In that study, CPTAC 2 researchers took time point samples of tumors at 0, 5, 30, and 60 minutes post-excision and profiled their total proteome contents along with their phosphoproteomes and glycoproteomes. While they found no significant changes in the total proteome content across time points and general stability across the phosphoproteome, they did find that certain phosphosites showed changes as early as one minute post-excision.
During his presentation, Kinsinger also noted the relatively small amount of TCGA tumor samples available to the CPTAC 2 researchers. In the past, this issue has raised concerns among several outside researchers who have suggested it would mean that samples for the discovery and verification phases of the project would likely have to come from two different sets of patients (PM 8/27/2010).
These potential disadvantages, however, are balanced by the opportunity the project offers to integrate tumor proteomic and genomic data on a large scale.
"I think the novel part of CPTAC is to do the proteogenomic integration and finally incorporate all of that data into networks and hypotheses and to test these hypotheses," Kinsinger said. "Looking at the proteogenomic integration, we want to in the first step … align the protein information we have with other [genomic] information that's available on the [University of California, Santa Cruz] Genome Browser."
He added that this portion of the project's informatics workflow is currently under development, with much of that effort being driven by Boise State researcher Morgan Giddings.
Kinsinger also highlighted some data from the TCGA's analysis of its ovarian cancer samples that, he suggested, demonstrated the rationale for the CPTAC 2 project and protein biomarker discovery efforts in general.
"With ovarian cancer, what we know is that 96 percent of the serous ovarian cancer tumors that TCGA analyzed have a mutation in p53, which is not surprising," he said. "But then after that the next most prevalent mutations were BRCA 1 and 2, which have mutation rates of 11 and 12 percent. And then [all other mutation rates] were less than that."
This, Kinsinger said, means that while ovarian cancer "is driven by the p53 mutation, there aren't other mutations that seem to really be driving that cancer – it's just very specific … So we have to have some other way of interpreting the data. I think proteins could have something to contribute."

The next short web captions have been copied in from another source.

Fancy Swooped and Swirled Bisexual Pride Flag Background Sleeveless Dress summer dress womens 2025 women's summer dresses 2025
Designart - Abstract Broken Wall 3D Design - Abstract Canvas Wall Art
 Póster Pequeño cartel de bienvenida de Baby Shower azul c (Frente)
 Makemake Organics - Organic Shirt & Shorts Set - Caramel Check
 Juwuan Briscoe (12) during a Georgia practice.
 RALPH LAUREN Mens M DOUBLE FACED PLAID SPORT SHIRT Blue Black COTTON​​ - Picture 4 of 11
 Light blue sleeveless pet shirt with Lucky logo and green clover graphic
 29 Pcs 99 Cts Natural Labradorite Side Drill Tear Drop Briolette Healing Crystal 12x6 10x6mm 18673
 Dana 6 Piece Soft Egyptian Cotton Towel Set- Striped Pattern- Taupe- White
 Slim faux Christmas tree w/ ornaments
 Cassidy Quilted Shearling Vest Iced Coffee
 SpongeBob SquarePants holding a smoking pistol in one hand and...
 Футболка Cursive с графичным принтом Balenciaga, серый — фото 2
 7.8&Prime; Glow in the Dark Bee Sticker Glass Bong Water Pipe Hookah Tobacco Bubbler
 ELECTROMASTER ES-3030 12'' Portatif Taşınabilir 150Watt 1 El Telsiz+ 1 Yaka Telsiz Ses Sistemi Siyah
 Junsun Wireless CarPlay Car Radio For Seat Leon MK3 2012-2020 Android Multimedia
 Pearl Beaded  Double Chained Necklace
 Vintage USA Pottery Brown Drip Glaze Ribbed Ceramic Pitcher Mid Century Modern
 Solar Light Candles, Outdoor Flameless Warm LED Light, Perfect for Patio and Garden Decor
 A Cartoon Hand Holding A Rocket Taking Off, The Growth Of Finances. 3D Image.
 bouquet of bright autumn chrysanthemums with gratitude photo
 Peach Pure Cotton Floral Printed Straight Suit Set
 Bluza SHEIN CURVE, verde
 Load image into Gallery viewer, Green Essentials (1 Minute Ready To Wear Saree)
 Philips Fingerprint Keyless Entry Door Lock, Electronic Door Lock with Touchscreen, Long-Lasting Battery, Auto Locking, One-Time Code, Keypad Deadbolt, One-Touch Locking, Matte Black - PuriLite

In addition to Kinsinger, several CPTAC 2 participants presented at the session, with Johns Hopkins researchers Hui Zhang and Heng Zhu reporting on efforts to analyze post-translational modifications and Vanderbilt's Rob Slebos providing an overview of the mass spec workflows his team is using for its discovery efforts in colorectal cancer.
The Vanderbilt discovery pipeline, which was developed as part of the CPTAC 1 initiative, consists, Slebos said, of digestion followed by basic reverse-phase HPLC, which separates the peptides into 15 fractions that are each analyzed on a 90-minute gradient on a Thermo Fisher Scientific Orbitrap Velos instrument.
Slebos added that the researchers have used the RNA-seq data provided by the TCGA analysis of the tumor samples to generate personalized search databases to each tumor for making protein IDs, a process, he said, that can "expand protein identification levels by five to 10 percent."
The Vanderbilt researchers are also building multiple-reaction monitoring assays for sets of proteins of particular interest – a panel of metabolic enzymes, for instance, as well as panels of tyrosine kinases.
They are currently working their way through 95 colorectal tumor samples provided by TCGA, with the ultimate goal of analyzing around 150 total samples, Slebos said, noting that he expected they would be able to complete this work in around a year.